The disposition of a property is also dependent upon the requirements of the mortgage investor holding the property. For example, Fannie Mae and Freddie Mac immediately accept the foreclosed property and take over the maintenance and marketing of it. On the other hand, [Federal Housing Administration]/HUD properties must be put into “conveyance condition” prior to being turned over to the government agency for marketing. Repairs can be extensive, expensive and time-consuming, and vandalism sometimes sets the project back and can greatly extend the time leading to conveyance.
The fact is Bank of America applies neutral and uniform practices to the management of vacant bank-owned properties across the country, regardless of the demographic makeup of their location. Any suggestion to the contrary is simply untrue.

HUD spokesman Brian Sullivan said the agency is considering several discrimination complaints, including the one against Bank of America. He said the agency has to determine the nature of the complaint, and if it finds substantial evidence supporting the case, it can refer the case to the Justice Department.

“We look at these complaints very seriously,” he said.

The agency recently made a “no cause” determination in a complaint against U.S. Bank, but HUD is still considering some of the issues NFHA raised about the HUD decision. HUD also reached agreements with Wells Fargo three years ago on similar complaints.

NFHA says its investigation found that across the country, foreclosed homes in white neighborhoods had significantly fewer problems. Homes in minority communities were twice as likely to have broken, boarded-up or unsecured windows, and they were more than twice as likely to have trash or debris on the property.

In Prince George’s, the nation’s highest-income majority-black county, nearly two-thirds of the foreclosed homes in minority neighborhoods had “substantial amounts of trash” on the premises; more than half of the homes had overgrown grass or accumulated leaves; and one-third of the homes had unsecured or broken doors. None of the homes in white neighborhoods had those problems, according to the complaint.

A NFHA photo of a home in District Heights shows weeds and vines growing over the front of the property and the steps of the house covered with grass and weeds. A photo of a home in Temple Hills shows standing water and trash in the yard, which advocates say creates a breeding ground for mosquitoes and a health hazard for the neighborhood.

Bushnell, who lives in a working-class community of 340 townhouses, said some improvements had been made to the foreclosed home next door, including the replacement of broken windows, but nothing has happened since then.

“I feel like it is not a priority for them,” she said.

A spike in foreclosed homes has been a threat to community development efforts in Prince George’s since the housing crisis. According to the Maryland Department of Housing and Community Development, in the second quarter of 2016, there were 2,182 foreclosure events in Prince George’s; that number includes notices of default, notices of sale and lender purchases.
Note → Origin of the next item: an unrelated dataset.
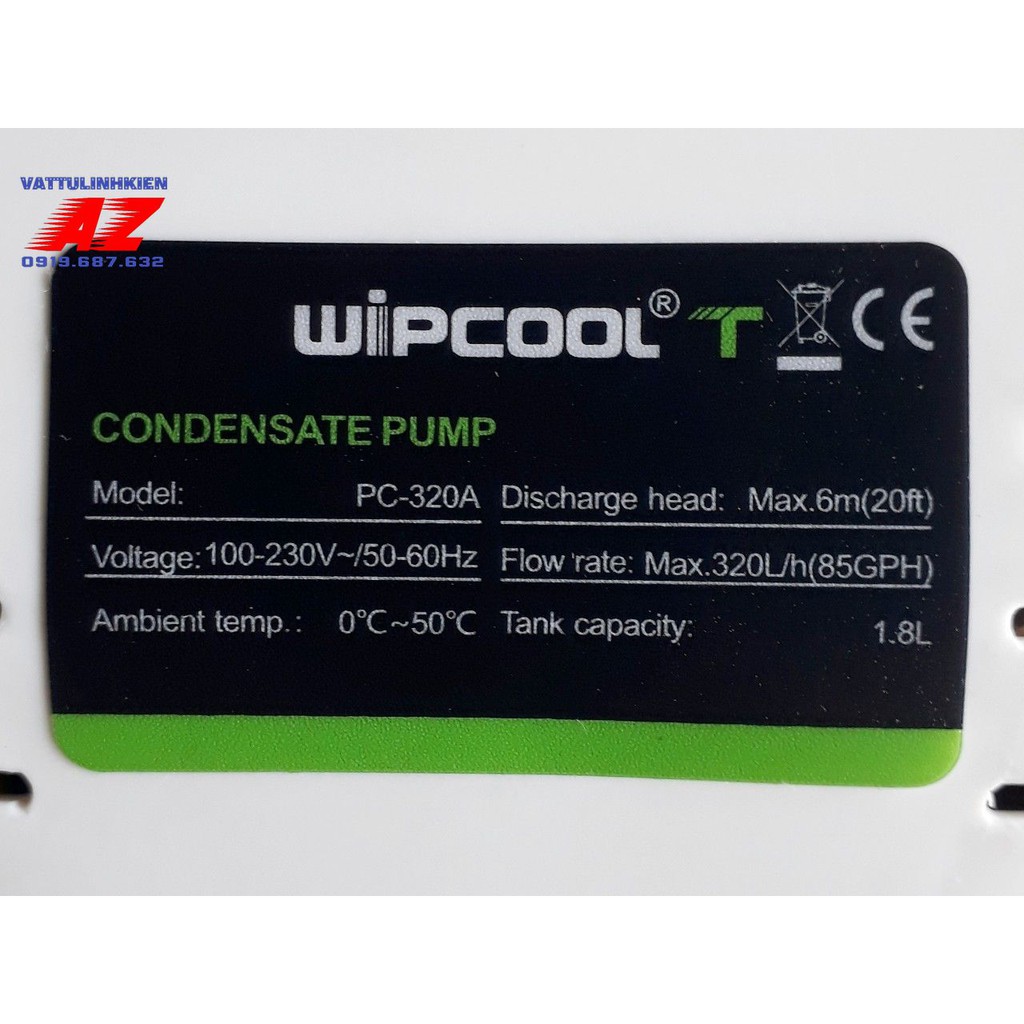 [Mã ELHA22 giảm 5% đơn 300K] Bơm xử lý nước thải WIPCOOL PC-320A 6M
The county has the highest foreclosure rate in the Washington region.

The NFHA action Wednesday was an amendment to an original complaint, after investigating an additional 399 Bank of America foreclosures.

“Bank of America’s deliberate neglect of its foreclosures in communities of color creates financial concerns as well as health and safety risks for people living near poorly‐maintained foreclosed homes,” Smith said. “Too many of these foreclosures have overgrown weeds, unsecured doors or windows, and debris left in the yard, creating perfect breeding grounds for rats, mice, snakes, and mosquitoes.”